Musik als Rettungsanker
Schon lange ist zudem die Musik eine grosse Stütze in ihrem Leben. «Schon als Kind hat mir Musik geholfen, schwierige Momente zu überstehen», sagt sie. Später wird das Singen ein Mittel, Gefühle auszudrücken und emotional stabil zu bleiben. «Wenn ich auf der Bühne stehe, sind die Emotionen für alle spürbar.» Im Rahmen des Buchprojekts nahm sie eine dazugehörige Platte auf – darunter «Plus jamais» auf Französisch, das sie ins Deutsche übersetzt hat.
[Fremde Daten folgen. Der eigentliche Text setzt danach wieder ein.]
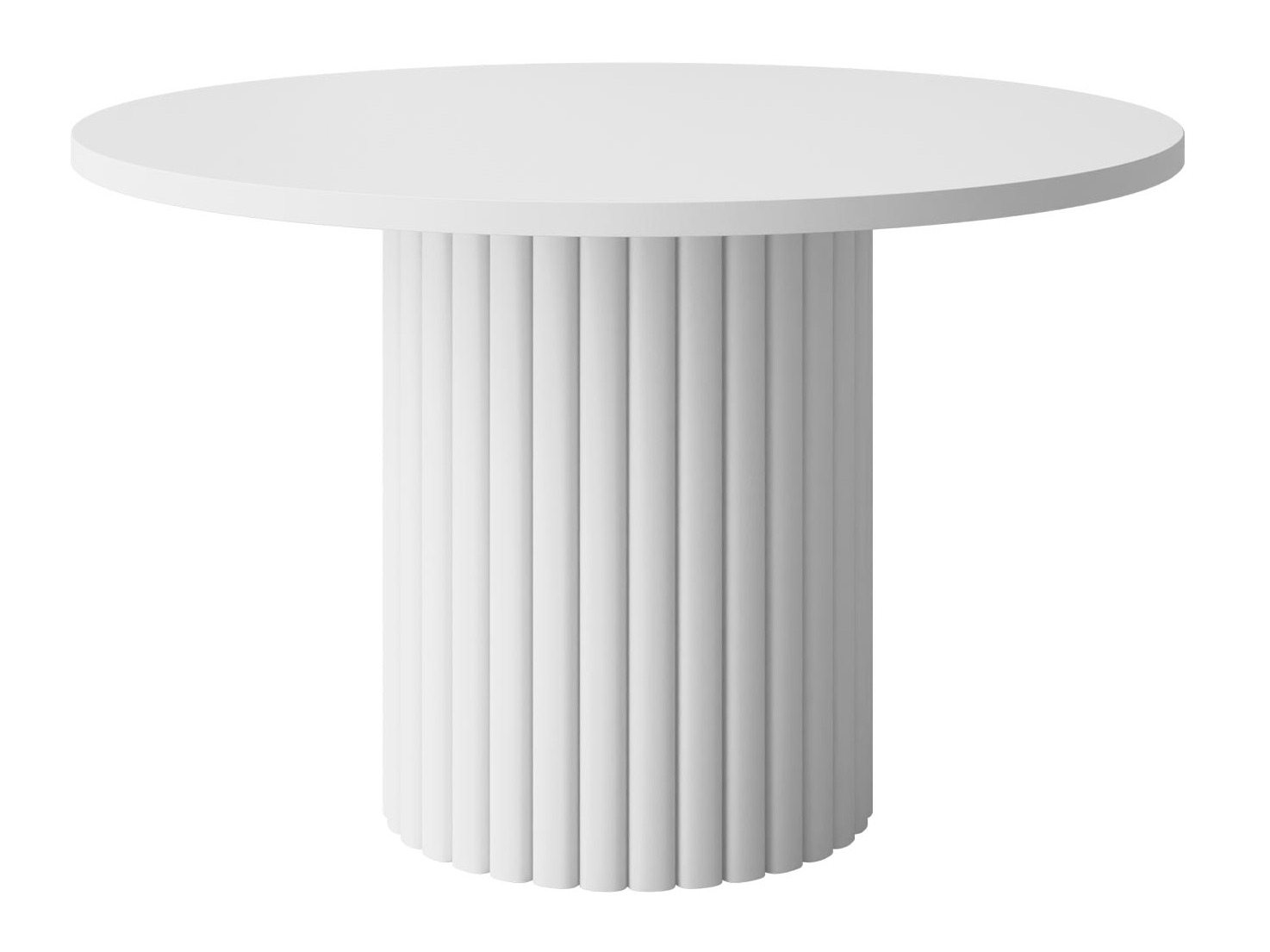 Tavolino da caffè Dearborn 107 (Bianco)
Das Lied thematisiert häusliche Gewalt.
Sie habe selbst erlebt, wie Frauen, die Opfer von Gewalt wurden, häufig mit Schuldgefühlen konfrontiert und verurteilt werden, statt Unterstützung zu erfahren, sagt Valérie de Montmollin. Ihre Geschichte soll deutlich machen, dass ein Ausweg existiert und dass es möglich ist, trotz traumatischer Erfahrungen ein selbstbestimmtes Leben zu führen. Nach ihrem jetzigen Befinden gefragt, sagt sie gleich: «Ich bin sehr happy und zufrieden. Wenn alles so toll weiterläuft wie jetzt, habe ich keine weiteren Wünsche.» Sagt sie und zeigt einmal mehr ihr strahlendes Lächeln.